Member of the House of Lords
- Lord Temporal
- Life peerage 7 March 2024

Personal details
- Born: Franck Robert Marie Petitgas 25 February 1961 (age 65) Nantes, France
- Party: Conservative
- Alma mater: ESCP Business School
- Occupation: Banker

= Franck Petitgas, Baron Petitgas =

French-British banker and politician (born 1961)

Franck Robert Marie Petitgas, Baron Petitgas (born 25 February 1961) is a French banker based in the United Kingdom. Lord Petitgas is the Vice Chairman of Blackstone Europe. Formerly head of international at Morgan Stanley, he was a special adviser on business and investment to former British prime minister Rishi Sunak, and has been a member of the House of Lords since 2024.
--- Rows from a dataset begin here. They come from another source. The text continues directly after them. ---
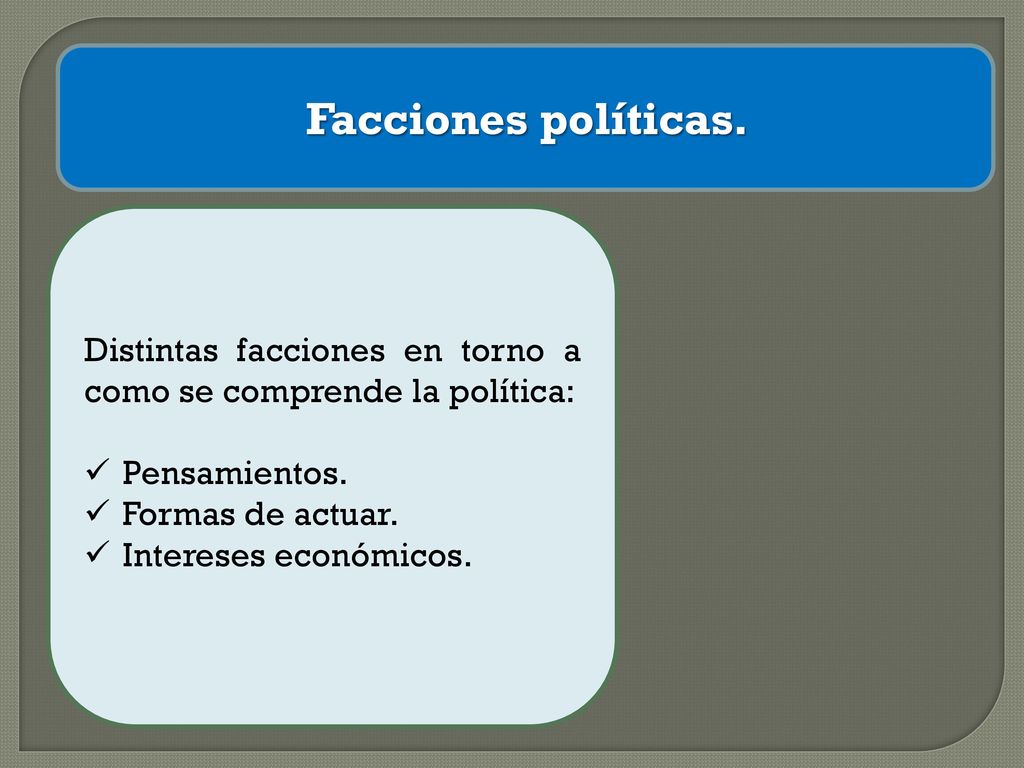 Facciones políticas. Distintas facciones en torno a como se comprende la política: Pensamientos. Formas de actuar.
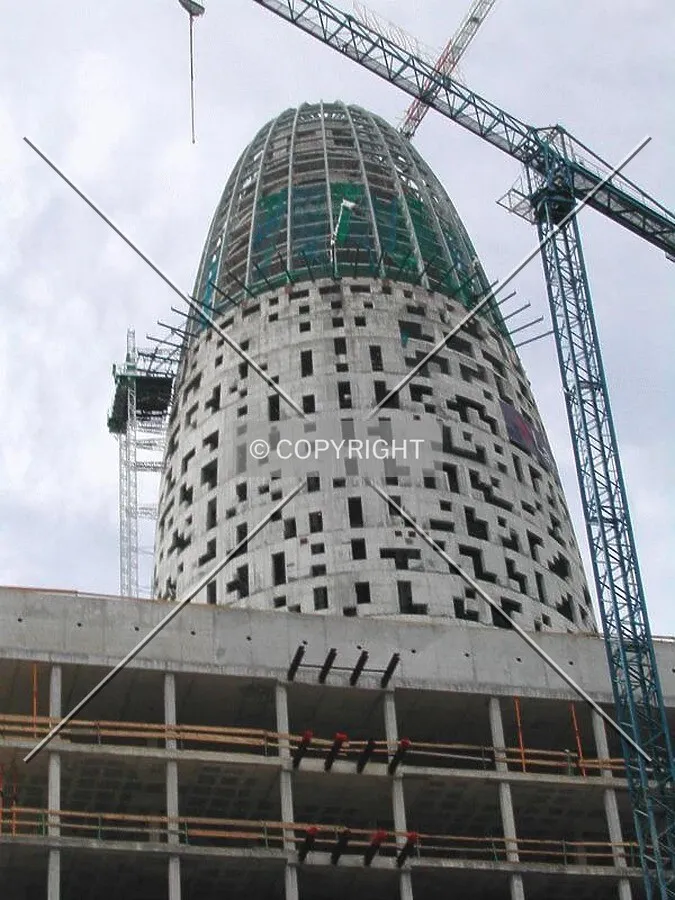 Looking up to the top in the first stage Hotel Silken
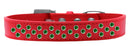 Dog, Puppy & Pet Fashion Collar, "Emerald Green Crystal Sprinkles"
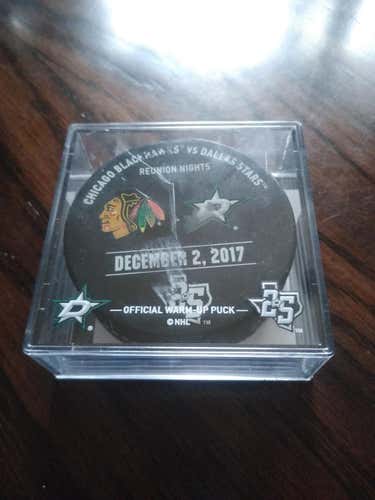 Chicago Blackhawks vs Dallas Stars used warm up puck December 2nd 2017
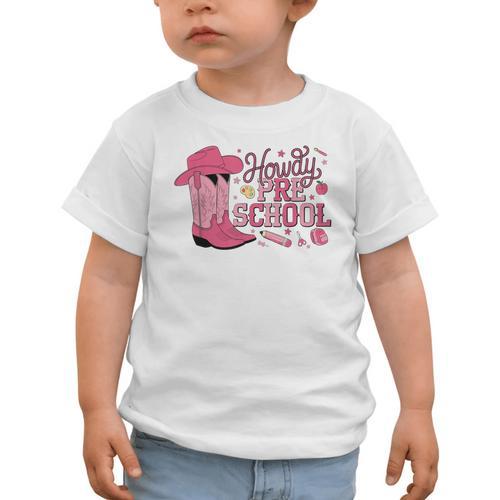 Howdy Preschool Back To School Western Cowboy Cowgirls Pre-K Graphic Toddler T-Shirt - Savourry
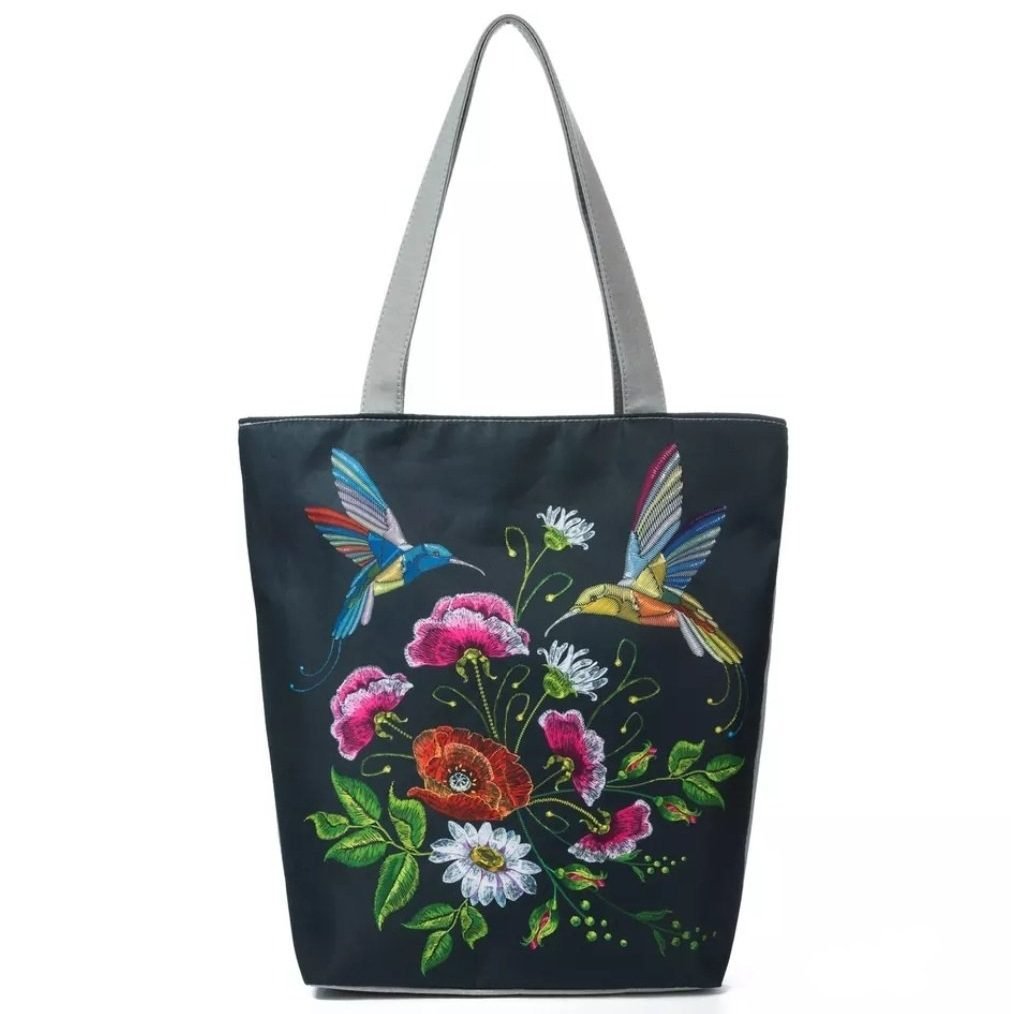 Black Hummingbird Large Canvas Shopping Bag 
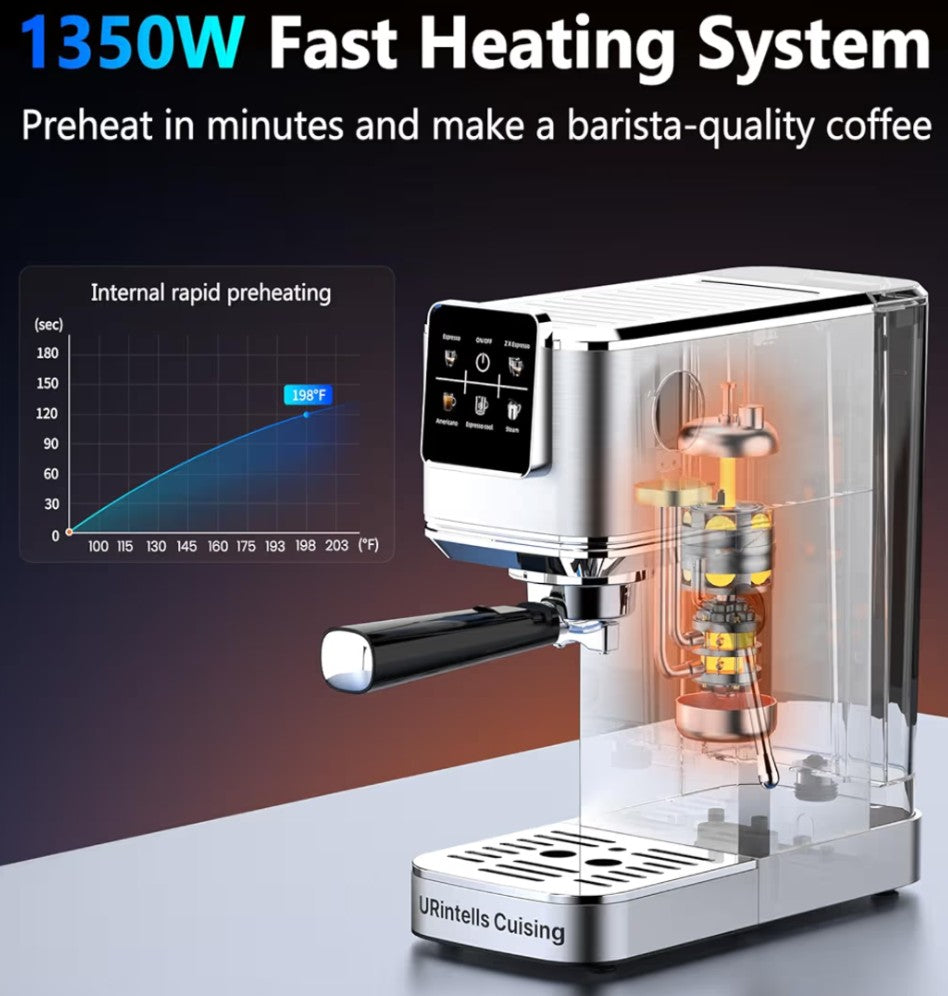 Espresso Machine 20 Bar,Touch Screen Espresso Maker with Steam Milk Frother,Stainless Steel Coffee Machine for Cappuccino Latte Americano Cold Brew,1350W Fast Heat Up System,Silver
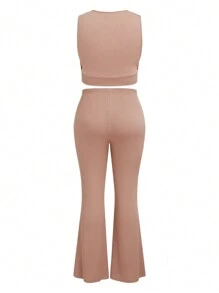 Calvaya Bộ đồ dệt kim hai mảnh màu trơn cỡ lớn - Màu Khaki - Xem 2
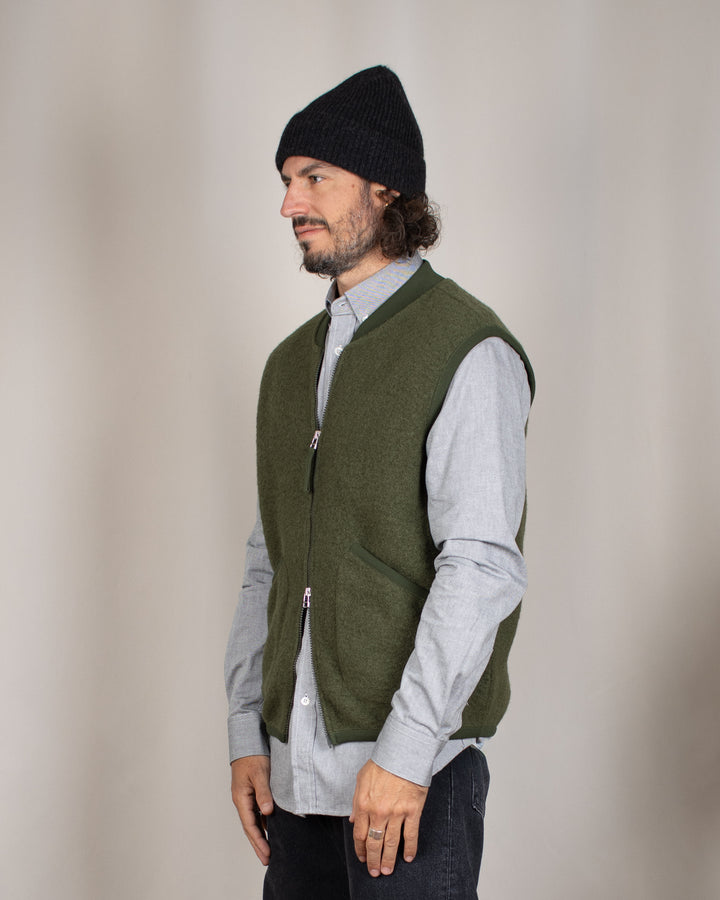 Zip Waistcoat Wool Fleece Olive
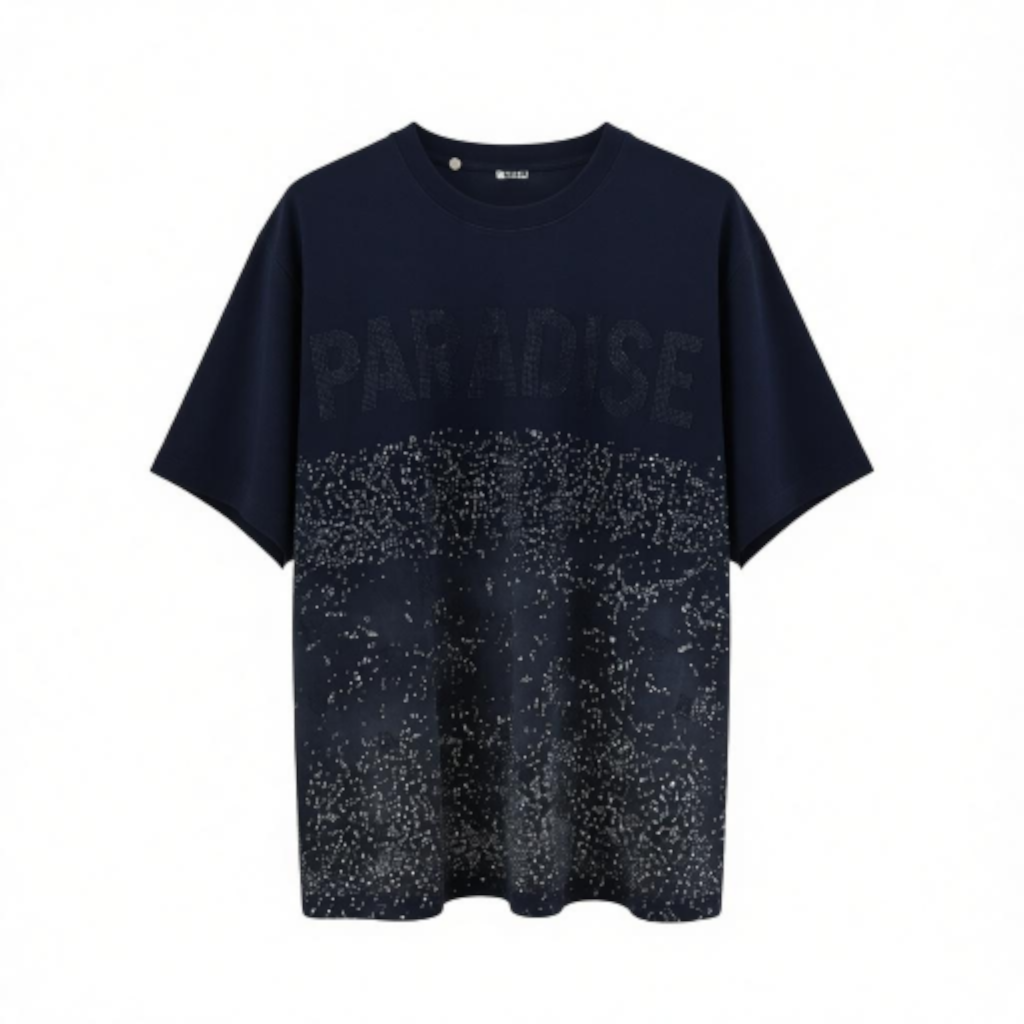RST-114 BLK REELISTIK PARADISE DIAMOND HEAVY WEIGHT TEE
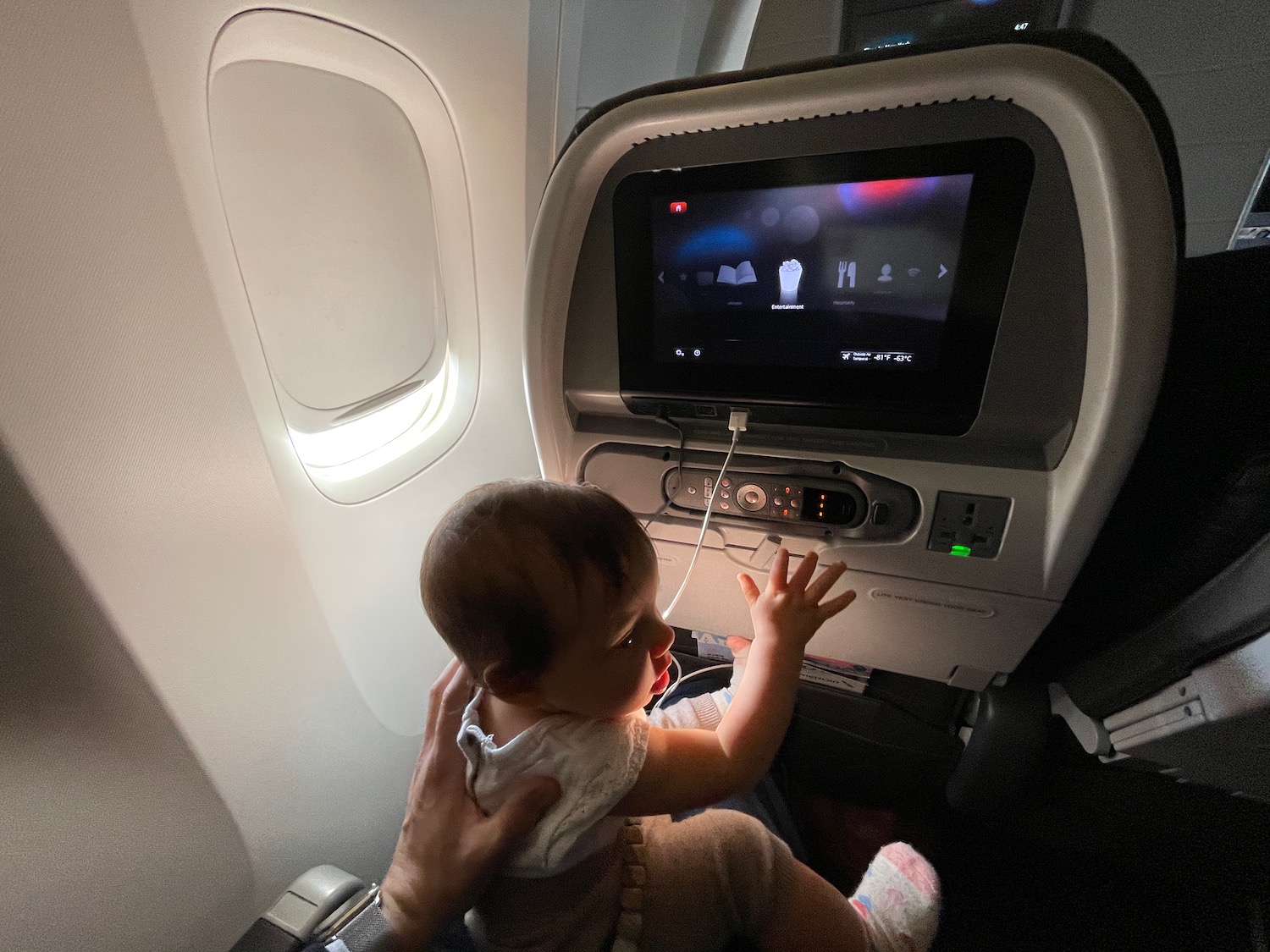 a baby in an airplane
== Early life and education ==
Petitgas was born on 25 February 1961 in Nantes, France, to Victor and Denise Petitgas. He was educated at ESCP Business School in Paris.

== Career ==
Petitgas worked at S. G. Warburg & Co. from 1986 before joining the investment bank Morgan Stanley in 1993. He was appointed a co-head of European banking in 2005, and became the firm's head of investment banking in 2007 and head of international in 2018. Petitgas retired from Morgan Stanley in November 2022, but stayed on a senior adviser to the company.

Petitgas served as a member of the board of trustees of Tate from 2008 to 2016, and was the chairman of the Tate Foundation from 2011 to 2021. He is a collector of contemporary Latin American art.

In April 2023, British prime minister Rishi Sunak appointed Petitgas a special adviser on business and investment while Sunak sought to increase business investment and deliver on the government's economic pledges. Petitgas has donated £35,000 to the Conservative Party as of 2024.

With his wife Amanda, Petitgas owns the historic manor of Bosham in West Sussex, comprising 2230 acre of Chichester Harbour and its moorings.

== Honours ==
Petitgas was appointed a knight (chevalier) of the Legion of Honour in France's 2012 New Year honours. Nominated by Sunak for a life peerage, he was created Baron Petitgas, of Bosham in the County of West Sussex, on 7 March 2024. He sits on the Conservative benches in the House of Lords.

== Personal life ==
Petitgas was formerly married to Catherine Petitgas, a fellow French banker and art collector. They married in 1985 and have a son.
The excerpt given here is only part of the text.